Question: free MSAA? edit: and also free AF?

Simon F said:
LeGreg said:
and it was not done if I remember correctly on the Kyro II
Please define "not done correctly".

"and it was not done (scaling other parts accordingly), if I remember correctly, on the Kyro II."

I simply refer to reviews at that time, I didn't own the real thing: at worse, enabling 4xfsaa reduced perf by four so it wasn't really free.
 
The Kyro architecture had no peer in 32-bit FSAA in its time. The Geforce 2 (GTS/Ultra) could match it in 16-bit FSAA, due its vastly superior fillrate and bandwidth, but struggled to perform near it, in 32-bit mode.

I think the Kyro 2 was one of few cards in its time to offer playable 32-bit 4xFSAA. It gave next to no performance hit when moving from 16 to 32-bit rendering, except at higher resolutions it probably was never really designed to handle well anyway (in being a mainstream card vs Geforce 2mx).

The FSAA was not for free, but it had the smallest performance hit of anything in its generation of cards.
 
I recall OGSS to be in relative terms bandwidth "free" on the KYROII. Of course 2*2/2xVertical up to 1024*768*32 or 2xHorizontal up to 1280*1024. The driver wouldn't allow any higher resolutions with SSAA enabled.

IMHO for it's time it was a pure GF2 MX competitor. Compare the two boards raw bandwidth and the relative Supersampling performance for each and it's easier to see where the "bandwidth free" part fits in. I'm not aware of any architecture that could use Supersampling without any fill-rate penalty; Multisampling being of course an entire chapter of it's own.

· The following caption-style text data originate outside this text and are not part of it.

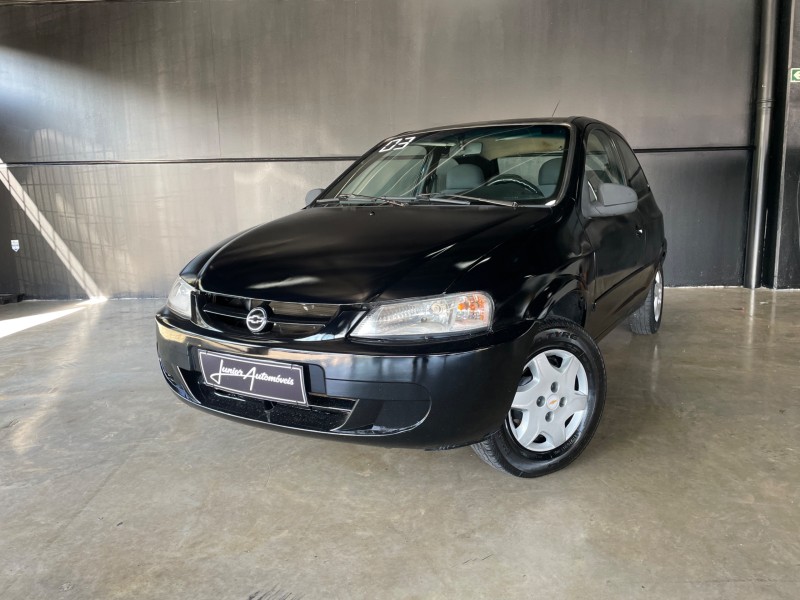 celta 1.0 mpfi vhc 8v gasolina 2p manual 2002 caxias do sul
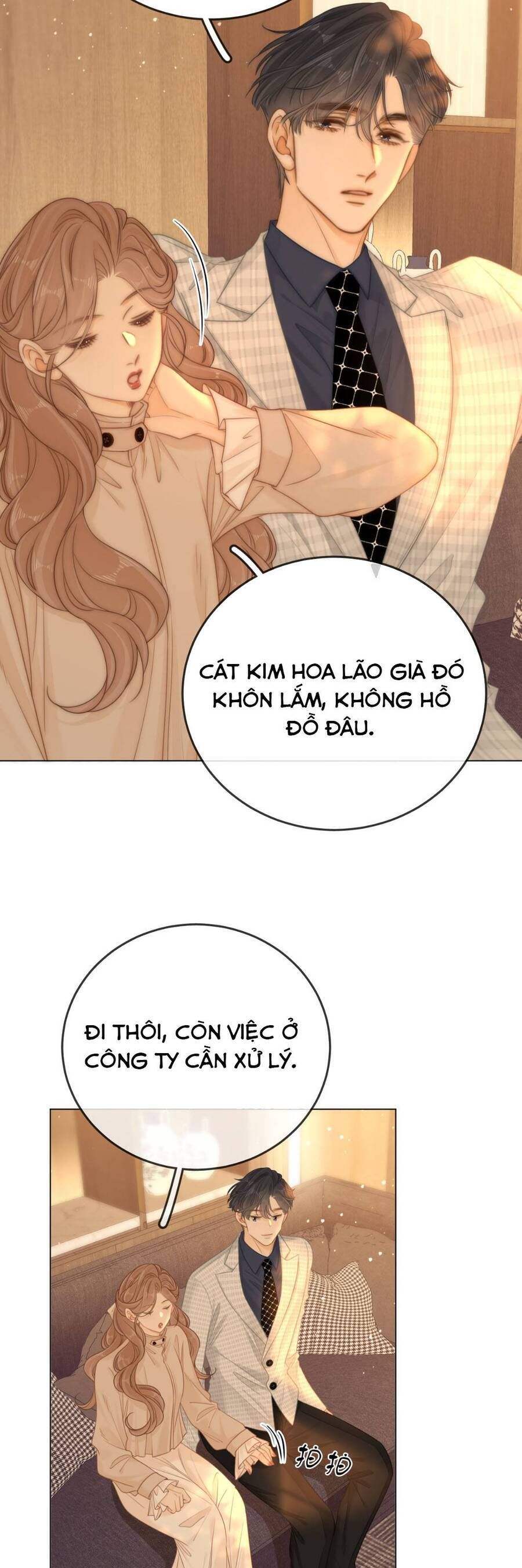 Vưu Vật Tập 139 trang 6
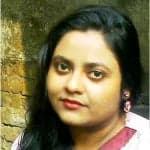 Papiya Chakraborty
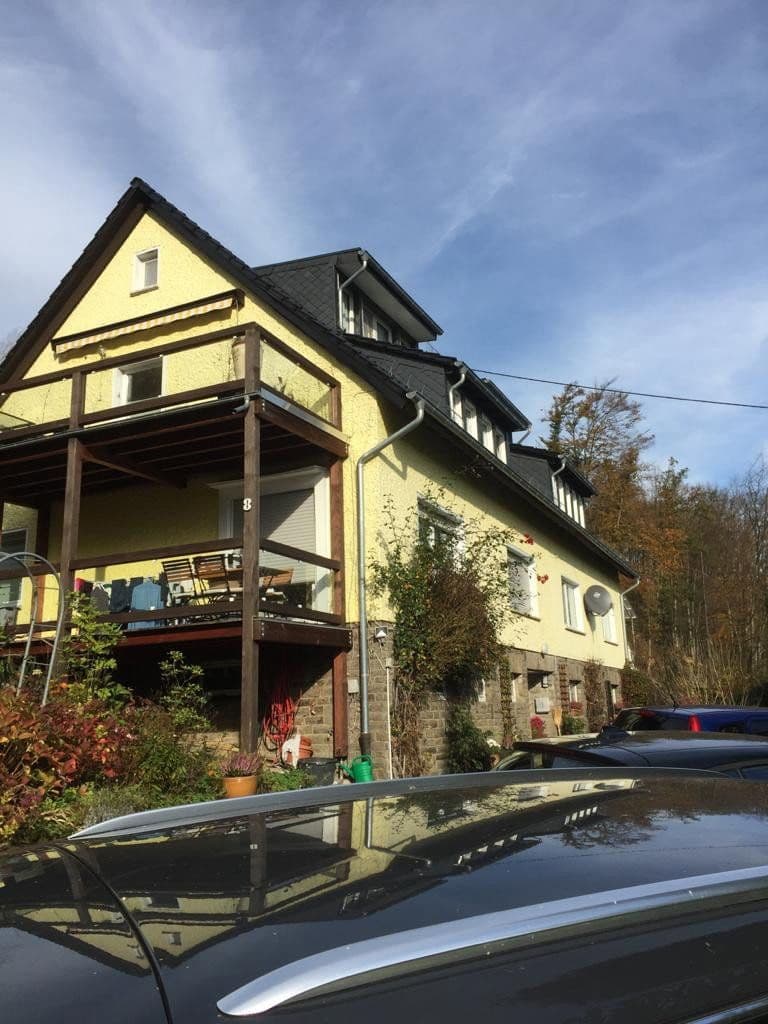 2 bedroom flat to rent, 74 m², Kapellenweg 8, Engelskirchen, North Rhine-Westphalia 2 bedroom flat to rent, 74 m², Kapellenweg 8, Engelskirchen, North Rhine-Westphalia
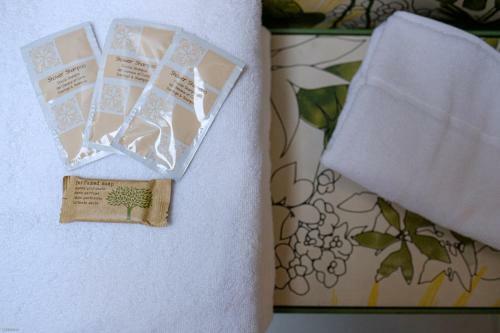 B&B Sekeles Suites And Spa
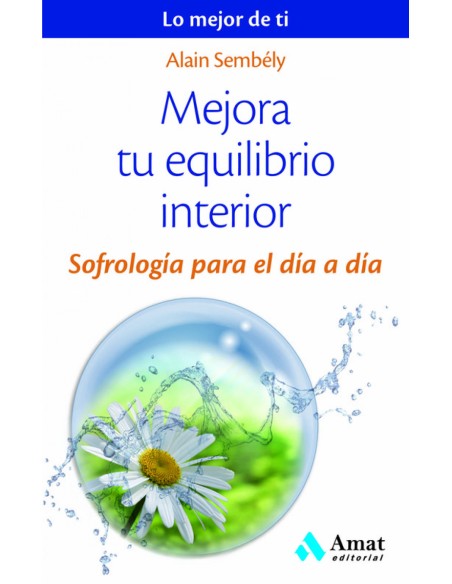 Mejora Tu Equilibrio Interior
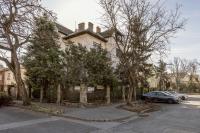 Green District Studio Flat - B&B Budapest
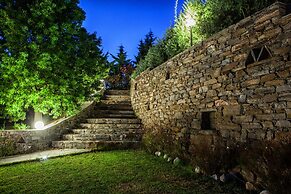 Palatiana Agriturismo Philoxenia Cottages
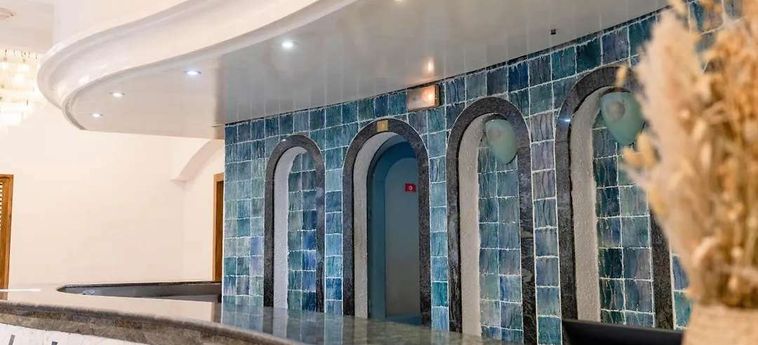 Hotel Kaiser:  SOUSSE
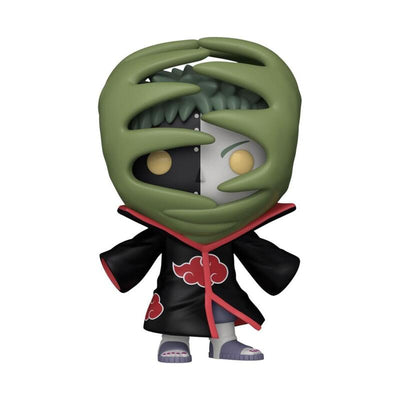 Funko Pop Super Naruto Shippuden Zetsu 72073 — image 1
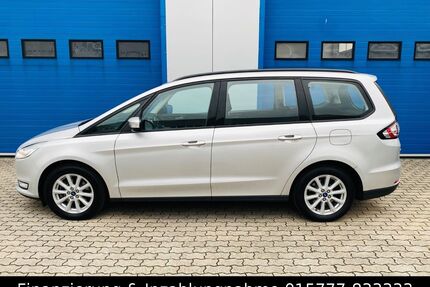 Ford Galaxy Gebrauchtwagen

There have been more than a few relevant discussions on these boards about the topic. One proposition was coverage mask AA:

Coverage mask AA techniques can process samples in a pixel with the same precision as individual point samples if the information is kept around to do so. This includes the correct processing of implicit edges. Z3 does this by using z slopes (hence Z3 - the z, dzdx, and dzdy), although there are other techniques, this is the most effective. FAA did not bother to do this.

When using z slopes with coverage mask AA, the result is actually a form of tile based renderer with pixel sized tiles. The rendering is done in two passes, much like a typical TBR. The first pass renders to "tiles" that are a rectangular collection of higher resolution screen samples. The second pass then renders each tile to the final frame buffer.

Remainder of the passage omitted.